Sinceramente non pensavo che Terry Allen, grandissimo cantautore texano attivo dagli anni settanta, avesse ancora voglia di scrivere ed incidere canzoni alla sua veneranda età (quest’anno sono 77 primavere), anche perché nel nuovo millennio ha dato alle stampe solo un album di materiale nuovo, l’ottimo Bottom Of The World del 2013. E invece Allen (che si dà ancora molto da fare come pittore, scultore ed artista multimediale) non solo ha appena pubblicato quasi a sorpresa un disco nuovo di zecca, Just Like Moby Dick, ma è riuscito a darci un lavoro di qualità eccelsa, probabilmente il suo migliore almeno da Human Remains del 1996 (qualcuno lo ha giudicato il suo album più riuscito dopo il capolavoro Lubbock (On Everything) del 1979, altri addirittura il suo migliore in assoluto: io direi più prudentemente che è meglio di tutto quello che Terry ha pubblicato tra Lubbock e Human Remains e anche dopo, e stiamo parlando di uno che non ha mai sbagliato un colpo).

Just Like Moby Dick ci consegna un artista lucidissimo ed in forma strepitosa, ancora in grado di scrivere canzoni splendide e di interpretarle con un feeling straordinario che non risente per nulla dell’età avanzata: i suoi brani partono sempre dal country per toccare quasi tutti i generi della musica americana (qui forse un po’ meno che in Lubbock), tra folk, rock, blues e ballate, e non mancano i testi tra il surreale ed il sarcastico, altro marchio di fabbrica del nostro.

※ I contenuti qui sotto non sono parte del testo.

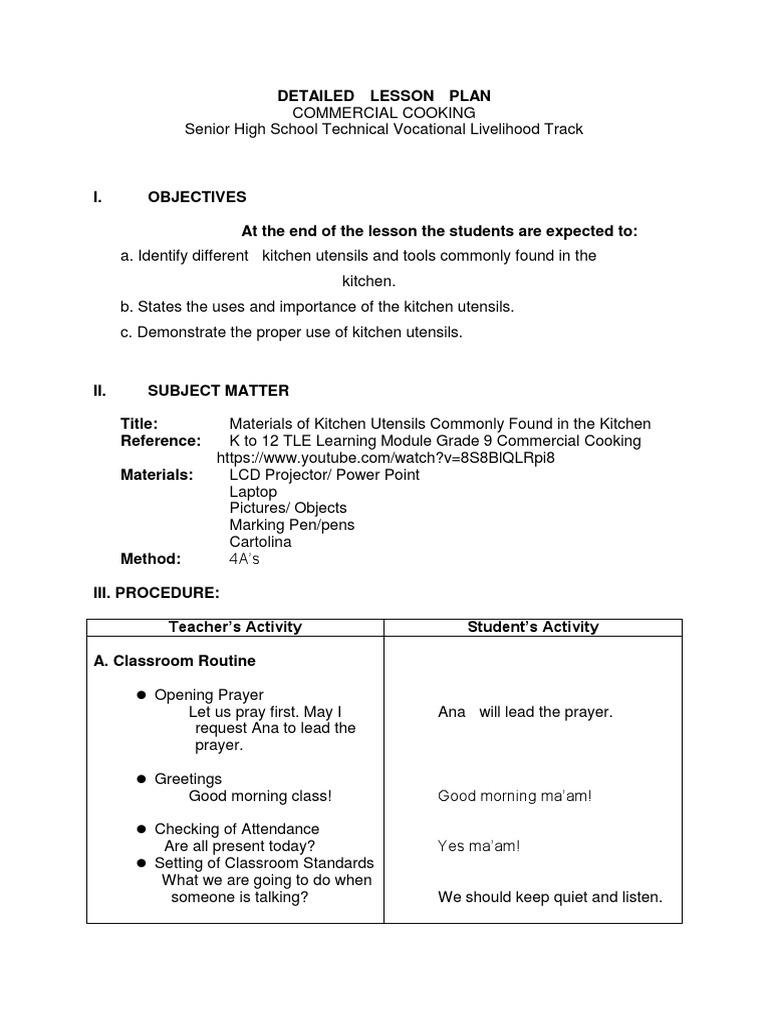Tle Lesson Plan Check by Mam Fe Jabajab | PDF | Kitchen Utensil ...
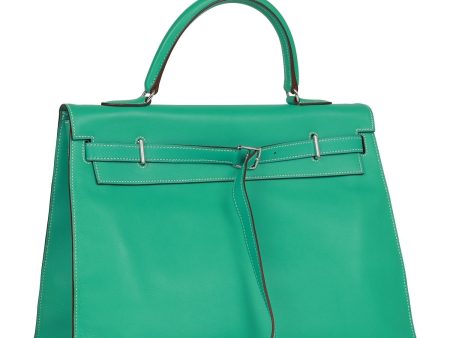 Hermes Kelly 35 Flat Lagoon Swift Palladium Hardware Hot on Sale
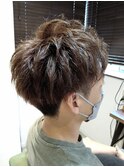 爽やかツーブロック刈り上げ束感アップバング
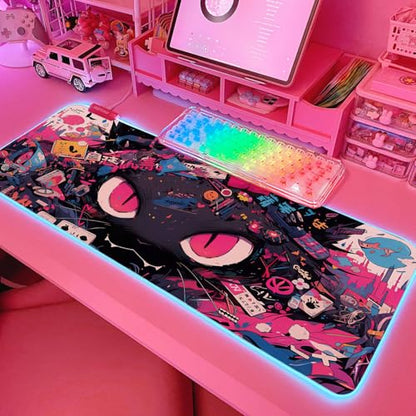 JMIYAV Pink RGB Gaming Mouse Pad 31.5x12 Inch PC XL Large Extended Glowing Led Light Up Desk Pad Non-Slip Rubber Base Computer Cute Mousepad Mat Desk Accessories Gaming Setup 763 - color: Midnight Eyes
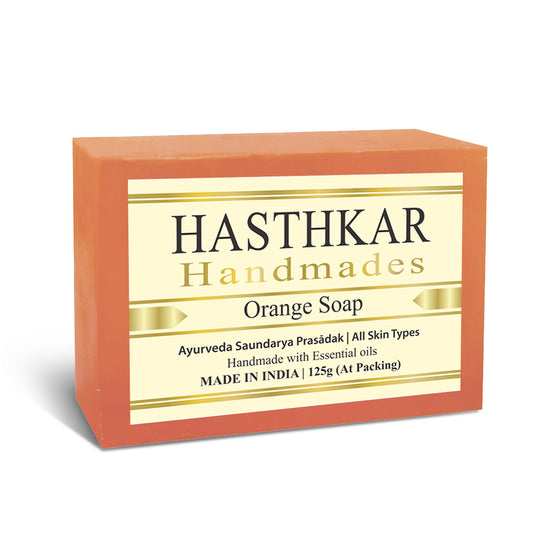 Hasthkar Handmade Glycerine Orange Soap- 125gm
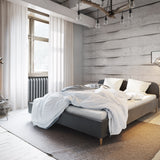 Lit rembourré 90x200 | 120x200 | 140x200 | 160x200 | 180x200 | Lit simple 200x200 cm lit double avec dossier pour chambre, chambre d'adolescent, chambre d'amis sans sommier à lattes, en 5 coloris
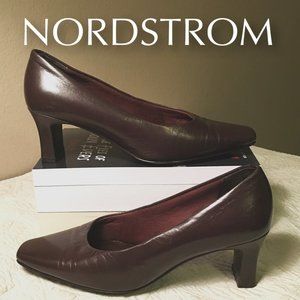 NORDSTROM Dark Brown Leather Square Toe Pumps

La voce di Terry con gli anni è diventata più profonda (ricorda un po’ quella di Kris Kristofferson), ed in questo disco si fa aiutare spesso e volentieri dall’ugola squillante della brava Shannon McNally https://discoclub.myblog.it/2017/07/12/cosi-brave-ce-ne-sono-poche-in-giro-shannon-mcnally-black-irish/ , che spesso diventa la voce solista, mentre alla produzione non c’è il solito Lloyd Maines (che però suona nel disco, slide acustica e dobro) ma un altro nome-garanzia: Charlie Sexton. Oltre ai tre musicisti appena citati la Panhandle Mystery Band in questo album è completata dal figlio di Terry, Bukka Allen, al piano e soprattutto fisarmonica, Richard Bowden al violino e mandolino, Glenn Fukunaga al basso, Davis McLarty alla batteria e Brian Standefer al violoncello.

Just Like Moby Dick è quindi un disco di canzoni pure, senza le stranezze della ristampa dello scorso anno Pedal Steal + Four Corners https://discoclub.myblog.it/2019/04/12/una-ristampa-interessante-ma-di-certo-non-per-tutti-terry-allen-pedal-stealfour-corners/: solo grande musica. Houdini Didn’t Like The Spiritualists (titolo super) è una splendida ballata dal chiaro sapore texano, limpida e distesa, in cui Terry duetta alla grande con la McNally in un tripudio di chitarre acustiche, slide, fisarmonica e violino ed un ritornello delizioso: un inizio notevole. Abandonitis è più ritmata, elettrica e spigolosa, ma è smussata dalla fisa e dalla slide di Maines, e poi l’incedere del brano tra country e rock è decisamente coinvolgente; Death Of The Last Stripper, scritta da Terry con la moglie Jo Harvey Allen e con Dave Alvin, è un’altra Texas ballad pura e cristallina, di nuovo servita da una melodia di prima qualità e da un’intensità non comune, merito anche della voce carismatica del nostro. All That’s Left Is Fare-Thee-Well prosegue sullo stesso stile, una canzone di confine dal pathos incredibile eseguita a tre voci (canta anche Sexton, che è co-autore del pezzo con Terry e Joe Ely) e con intermezzi strumentali da pelle d’oca, grazie all’onnipresente fisa di Bukka e a Maines, qui al dobro.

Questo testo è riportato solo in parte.